I have said, that cruelty is not the habit of the Slave States of this country. Still, that it is frequent we cannot doubt. Reports, which harrow up our souls, come to us from that quarter; and we know that they must be essentially correct, because it is impossible that a large part, perhaps the majority, of the population of a country can be broken to passive, unlimited submission, without examples of terrible severity.

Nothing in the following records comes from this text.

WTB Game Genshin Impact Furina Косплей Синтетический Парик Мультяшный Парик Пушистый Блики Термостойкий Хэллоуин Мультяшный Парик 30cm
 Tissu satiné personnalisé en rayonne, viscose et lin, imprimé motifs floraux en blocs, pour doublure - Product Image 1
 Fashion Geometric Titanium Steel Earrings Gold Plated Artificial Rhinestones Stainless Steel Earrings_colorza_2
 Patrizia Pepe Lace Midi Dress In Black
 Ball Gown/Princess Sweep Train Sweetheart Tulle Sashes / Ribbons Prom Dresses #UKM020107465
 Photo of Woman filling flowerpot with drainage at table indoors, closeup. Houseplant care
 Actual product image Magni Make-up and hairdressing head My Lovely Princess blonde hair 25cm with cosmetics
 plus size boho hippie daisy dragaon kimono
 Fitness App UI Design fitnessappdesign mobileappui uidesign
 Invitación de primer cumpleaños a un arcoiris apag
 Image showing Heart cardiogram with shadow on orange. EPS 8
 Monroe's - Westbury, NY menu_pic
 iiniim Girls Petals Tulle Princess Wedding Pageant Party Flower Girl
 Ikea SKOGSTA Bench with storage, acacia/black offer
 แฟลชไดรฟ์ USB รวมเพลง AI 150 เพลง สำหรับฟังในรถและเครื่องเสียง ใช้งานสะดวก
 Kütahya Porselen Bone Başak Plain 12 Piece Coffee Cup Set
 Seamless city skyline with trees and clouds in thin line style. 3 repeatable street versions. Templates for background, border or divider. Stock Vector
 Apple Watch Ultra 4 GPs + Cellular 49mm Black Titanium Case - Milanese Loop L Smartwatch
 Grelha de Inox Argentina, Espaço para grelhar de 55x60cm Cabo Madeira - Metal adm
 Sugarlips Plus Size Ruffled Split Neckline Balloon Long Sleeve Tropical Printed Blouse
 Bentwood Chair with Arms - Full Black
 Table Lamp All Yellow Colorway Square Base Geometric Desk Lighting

Let it not be said, as is sometimes done, that cruel deeds are perpetrated everywhere else, as well as in slave-countries. Be it so; but in all civilized nations unscourged by slavery, a principal object of legislation is to protect every man from cruelty, and to bring every man to punishment, who wantonly tortures or wounds another; whilst slavery plucks off restraint from the ferocious, or leaves them to satiate their rage with impunity. --Let it not be said, that these barbarities are regarded nowhere with more horror than at the South. Be it so. They are abhorred, but allowed. The power of individuals to lacerate their fellow-creatures is given to them by the community. The community abhors the abuse, but confers the power which will certainly be abused, and thus strips itself of all defence before the bar of Almighty Justice. It must answer for the crimes which are shielded by its laws. --Let it not be said, that these cruelties are checked by the private interest of the slave-holder. Does regard to private interest save from brutal treatment the draught-horse in our streets? And may not a vast amount of suffering be inflicted, which will not put in peril the life or strength of the slave? To substantiate the charge of cruelty, I shall not, as I have said, have recourse to current reports, however well established. I am willing to dismiss them all as false. I stand on other ground. Reports may lie, but our daily experience of human nature cannot lie. I summon no witnesses, or rather I appeal to a witness everywhere present, a witness in every heart. Who, that has watched his own heart, or observed others, does not feel that man is not fit to be trusted with absolute, irresponsible power over man? It must be abused. The selfish passions and pride of our nature will as surely abuse it, as the storm will ravage, or the ocean swell and roar under the whirlwind. A being, so ignorant, so headstrong, so passionate, as man, ought not to be trusted with this terrible dominion. He ought not to desire it. He ought to dread it. He ought to cast it from him, as most perilous to himself and others.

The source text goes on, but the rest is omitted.